NASA’s upgraded Sherlock data warehouse makes it easier for researchers to access nationwide air traffic data almost immediately.
As a plane takes off from Charlotte, N.C., the local air traffic control system monitors it until handing off to the air traffic controllers along the flight’s next leg. But now, thanks to upgrades in its Sherlock Air Traffic Management Data Warehouse, NASA will be able to monitor the entire flight in near-real time so it can more quickly analyze the entire U.S. air traffic system.
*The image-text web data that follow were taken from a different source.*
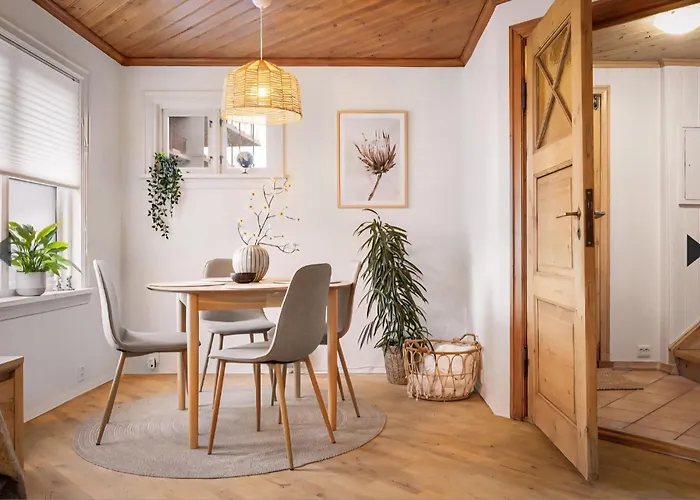 Sentralt,unikt Lite Bergenshus Med Sjel Pa Fine Nostet! Сasa de vacaciones *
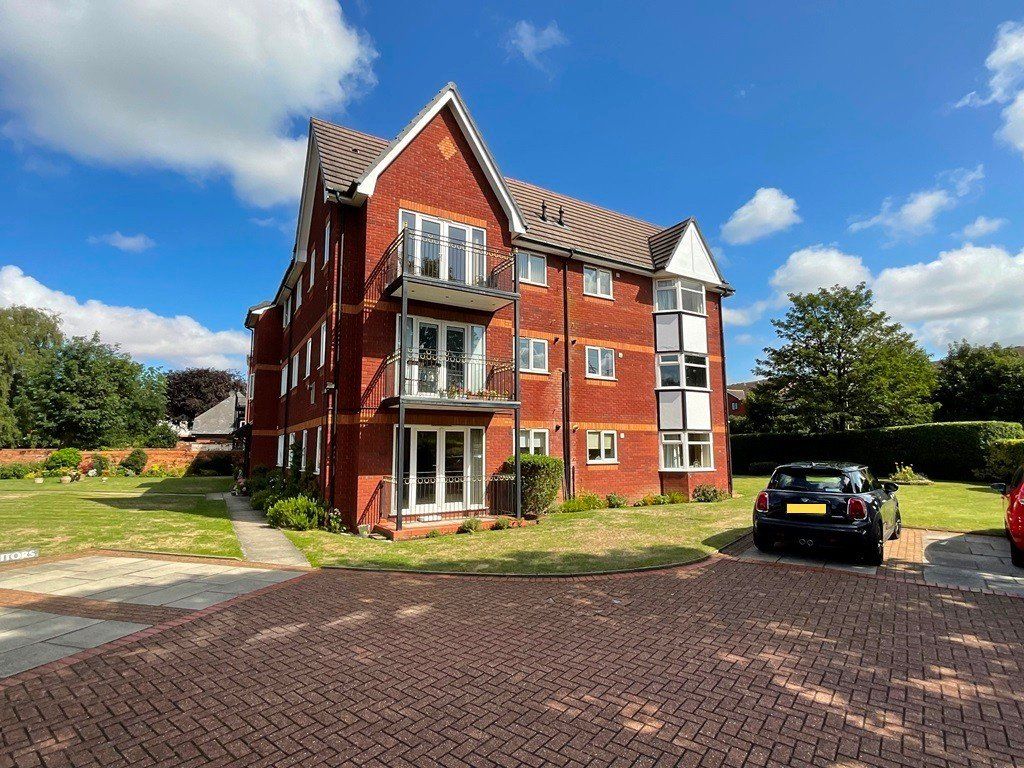 2 bed flat for sale in The Pines, Preston Road, Hesketh Park, Southport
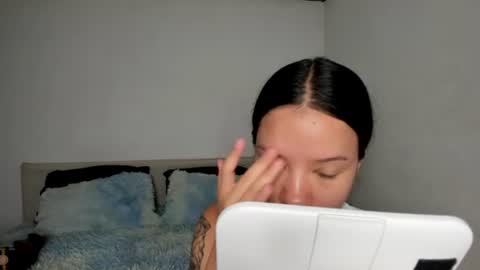 Snapshot of kendalgrey01 chatting on June 15, 2:30 pm Kendal online show from June 15, 2:30 pm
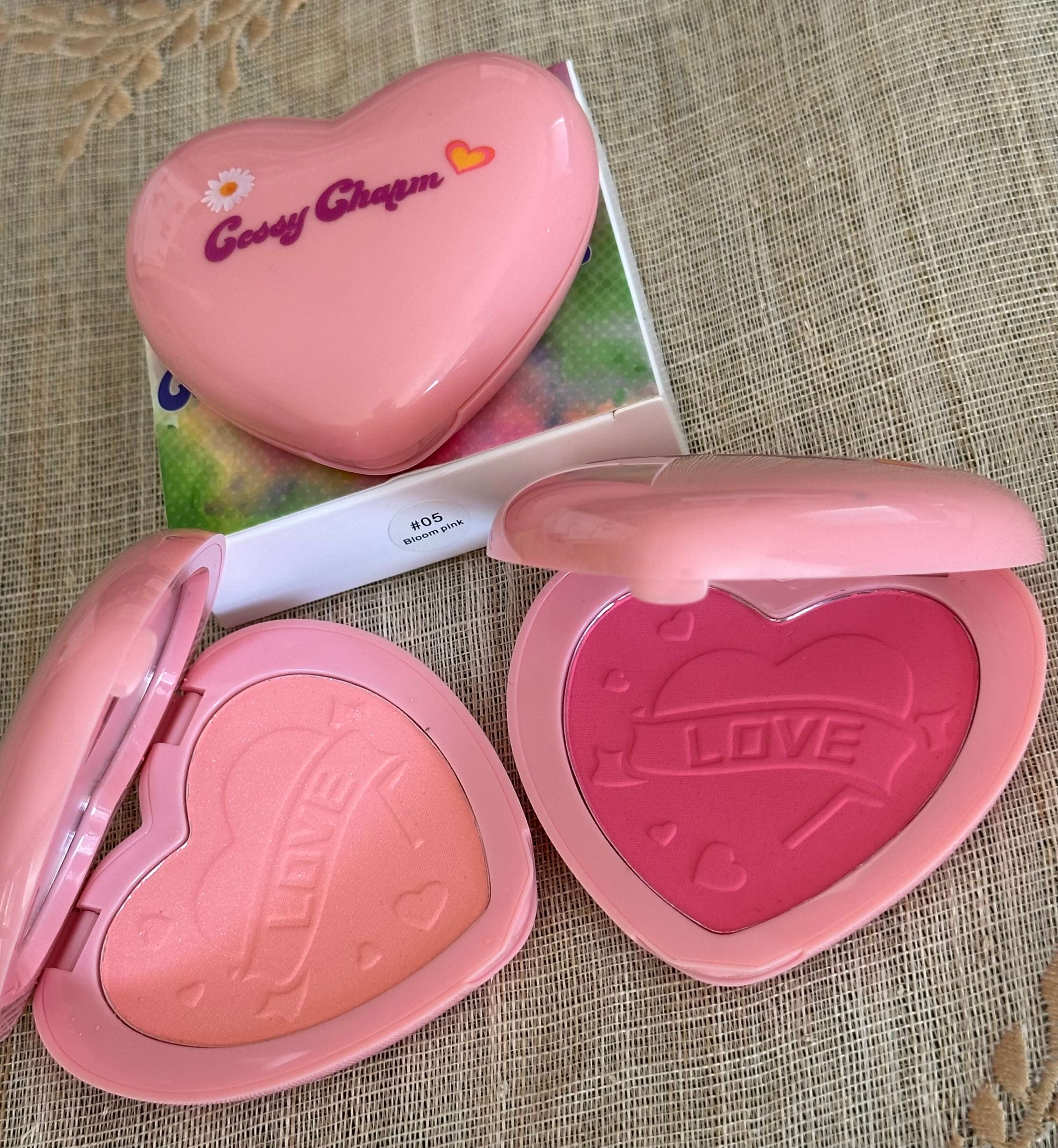 https://www.cessycharmcosmetics.com/products/powder-blush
Until recently, NASA researchers and its partners could only see data from 77 individual FAA air traffic facilities, which made tracking a flight across the county difficult and slow. For example, the data from the air traffic facility at the Charlotte airport would show the surrounding 60-70 miles, but data for the remainder of the flight would be in a different file, generated by the next control center to monitor the flight.
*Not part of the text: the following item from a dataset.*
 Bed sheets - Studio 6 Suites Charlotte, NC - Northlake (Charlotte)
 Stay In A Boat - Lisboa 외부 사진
The fragmented data also made it difficult for air traffic management researchers to quickly perform large-scale analyses of the U.S. air traffic system, to find where improvements will have the most benefit in terms of environment, safety and efficiency.
With algorithms provided by the ATAC Corporation of Santa Clara, Calif., researchers now get all the info in one place. Michelle Eshow, NASA’s lead for real-time air traffic management automation software development for the Aviation Systems Division, said ATAC’s algorithms are able to combine the data from the 77 FAA facilities into one nationwide, near-real-time file on air traffic data.
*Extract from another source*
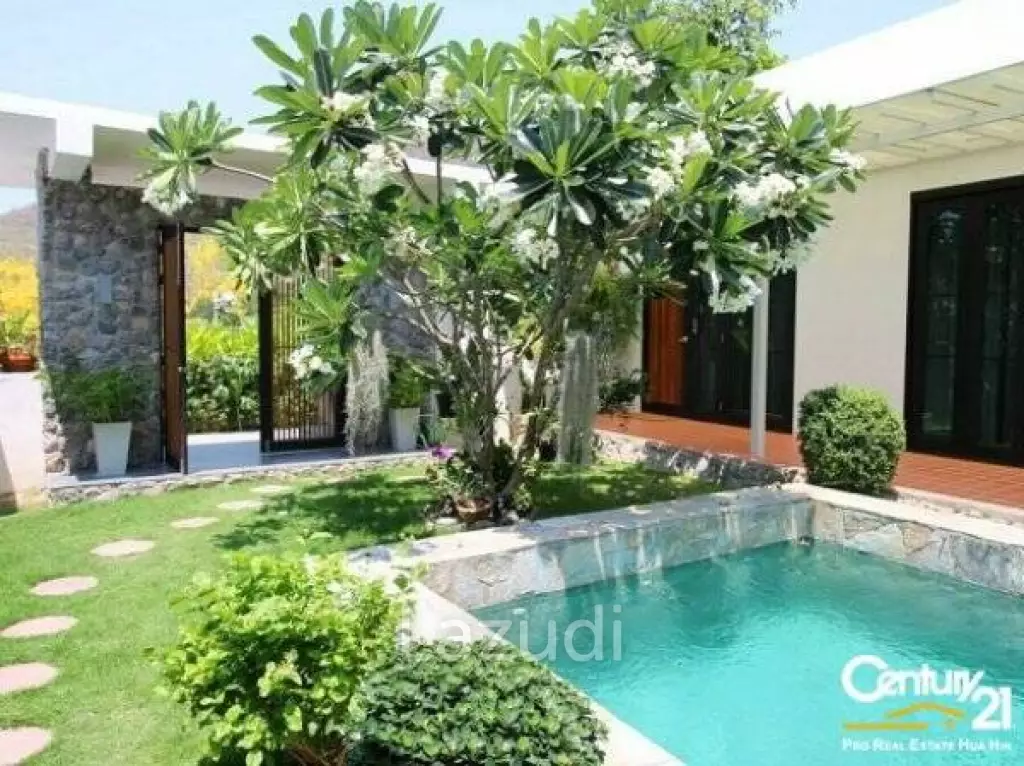 PALM HILLS HOMES : 3 Bedroom Luxury Villa on Palm Hills Golf Course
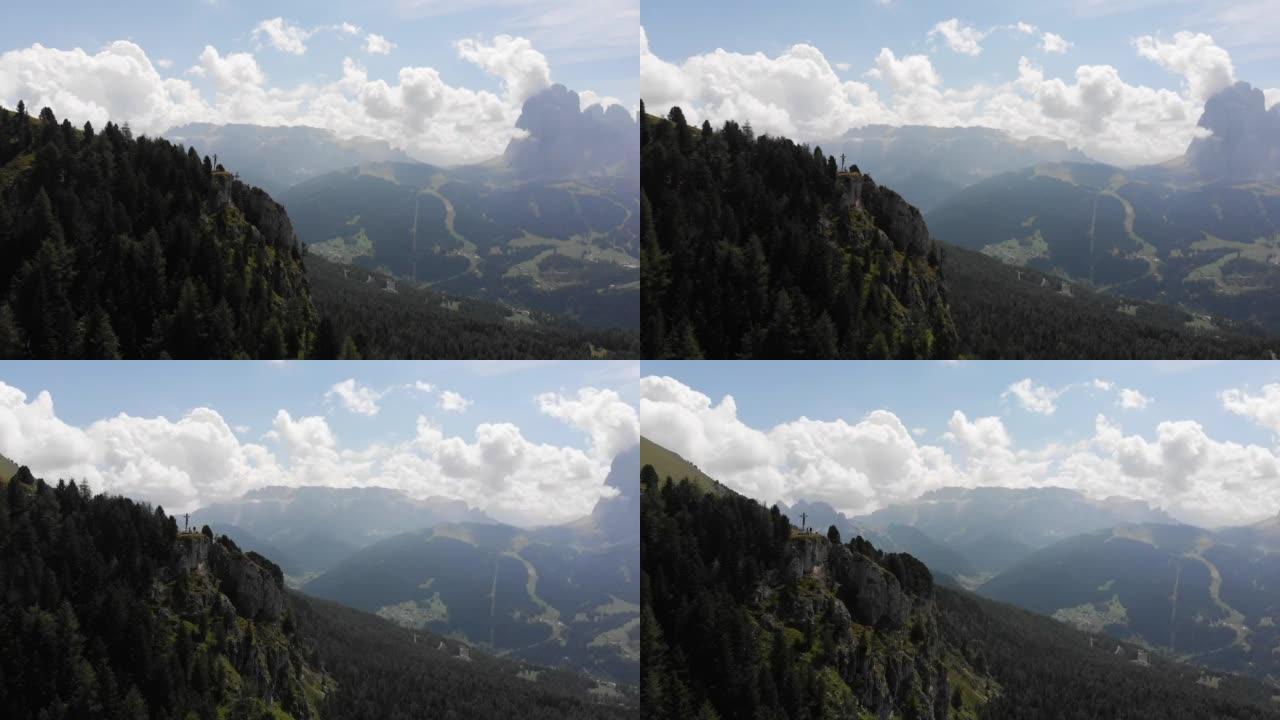蓬松的白云下风景如山的全景。风景如画的意大利白云岩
“Believe it or not, that’s a really hard thing to do and something NASA had not done before,” Eshow said.
NASA receives the data from FAA via a secure connection that the two agencies have had for years, Eshow said. They are working on getting the data in XML format, but for now it is being sent in different forms of binary, which is decoded by software when it reaches NASA. The software then sends it on to a Linux file system.
The front end of the Sherlock system is built on a variety of open source and commercial products. GeoServer is an open source tool that is used to visualize geospatial data. Oracle’s Apex handles basic search and download functions within the database. The heavy lifting of big data management is handled by Hadoop.
Sherlock contains over 36 terabytes of raw data, with more collected daily. The merged flight data will soon be available for all of the archived files going back to 2011, which will allow researchers to study many billions of flight tracks to better identify trends in the national traffic picture -- which in turn will help predict future traffic.
Editor's note: This article was changed Aug. 18 to correct the source of the algorithms. It's the ATAC Corporation of Santa Clara, Calif.